**PROBLEM TO SOLVE:** In the entries that follow, the lines from the one with "My next outfit" through the one with "Front heated and" are the ones to write out, exactly and with both ends included. Nothing else should appear.

**SUPPLIED DATA:**
***
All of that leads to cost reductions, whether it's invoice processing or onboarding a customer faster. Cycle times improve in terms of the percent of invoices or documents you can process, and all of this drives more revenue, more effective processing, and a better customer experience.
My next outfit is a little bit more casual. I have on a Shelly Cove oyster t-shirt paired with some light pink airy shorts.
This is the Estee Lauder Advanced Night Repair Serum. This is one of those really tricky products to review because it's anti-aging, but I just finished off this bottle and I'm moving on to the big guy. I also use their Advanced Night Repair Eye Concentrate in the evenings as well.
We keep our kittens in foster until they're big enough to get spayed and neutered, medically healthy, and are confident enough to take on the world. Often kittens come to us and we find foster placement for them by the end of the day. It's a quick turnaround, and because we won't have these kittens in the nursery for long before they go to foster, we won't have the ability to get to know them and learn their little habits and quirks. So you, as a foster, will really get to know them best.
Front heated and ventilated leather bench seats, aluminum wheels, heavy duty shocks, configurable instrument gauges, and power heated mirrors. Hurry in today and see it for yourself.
***
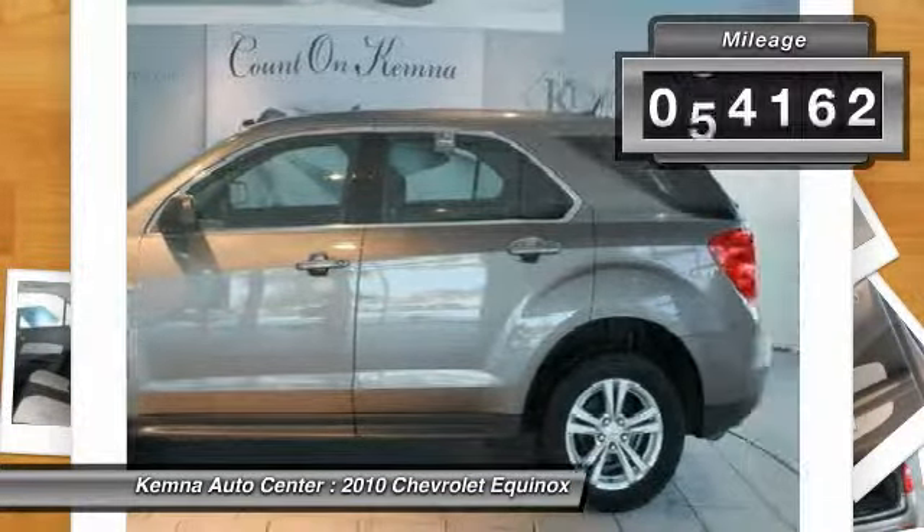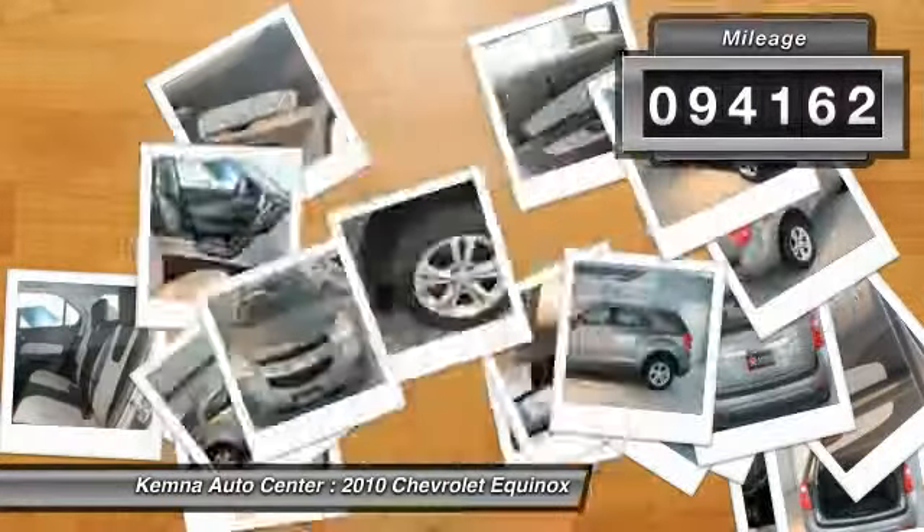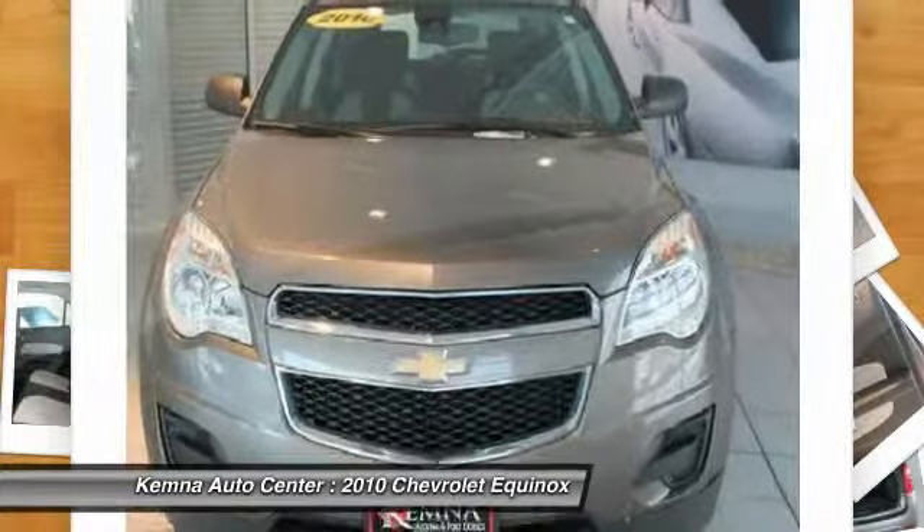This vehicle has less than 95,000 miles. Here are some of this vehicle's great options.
***
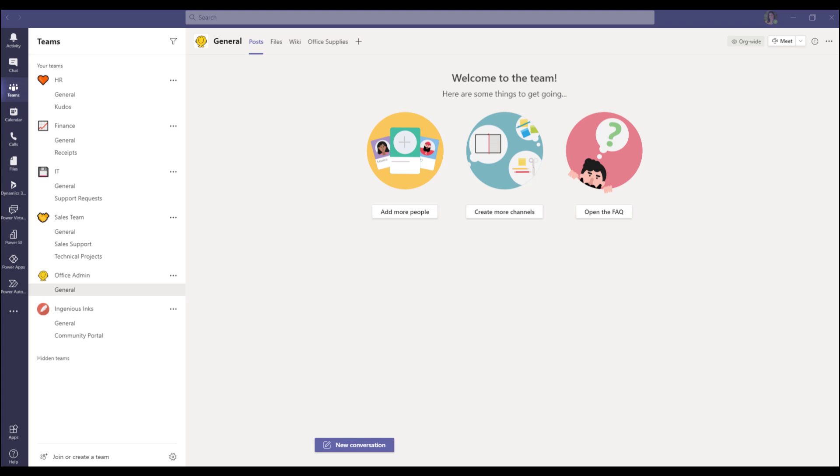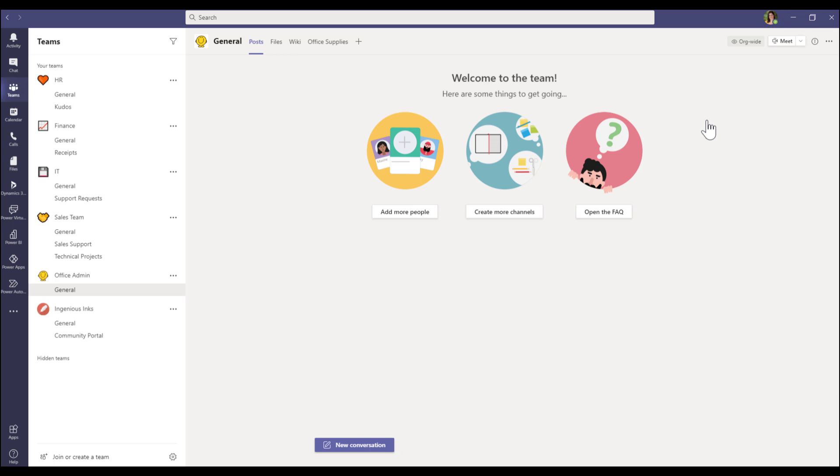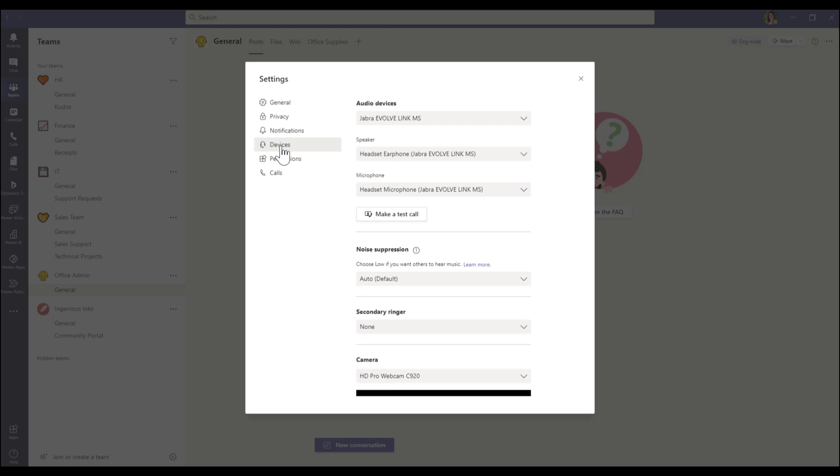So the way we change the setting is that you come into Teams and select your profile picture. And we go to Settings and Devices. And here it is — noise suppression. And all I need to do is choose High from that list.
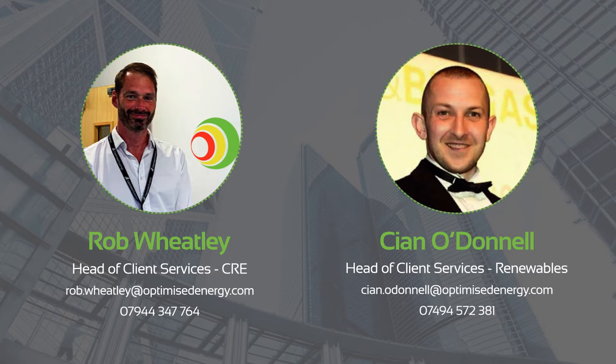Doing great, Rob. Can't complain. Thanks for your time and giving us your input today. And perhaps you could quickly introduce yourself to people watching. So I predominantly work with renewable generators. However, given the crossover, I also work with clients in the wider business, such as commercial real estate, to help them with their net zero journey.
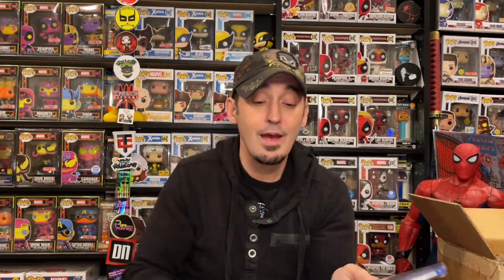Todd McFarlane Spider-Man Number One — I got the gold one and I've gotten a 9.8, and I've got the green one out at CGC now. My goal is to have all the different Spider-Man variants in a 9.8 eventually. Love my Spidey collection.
***
**SOLUTION:**
My next outfit is a little bit more casual. I have on a Shelly Cove oyster t-shirt paired with some light pink airy shorts.
This is the Estee Lauder Advanced Night Repair Serum. This is one of those really tricky products to review because it's anti-aging, but I just finished off this bottle and I'm moving on to the big guy. I also use their Advanced Night Repair Eye Concentrate in the evenings as well.
We keep our kittens in foster until they're big enough to get spayed and neutered, medically healthy, and are confident enough to take on the world. Often kittens come to us and we find foster placement for them by the end of the day. It's a quick turnaround, and because we won't have these kittens in the nursery for long before they go to foster, we won't have the ability to get to know them and learn their little habits and quirks. So you, as a foster, will really get to know them best.
Front heated and ventilated leather bench seats, aluminum wheels, heavy duty shocks, configurable instrument gauges, and power heated mirrors. Hurry in today and see it for yourself.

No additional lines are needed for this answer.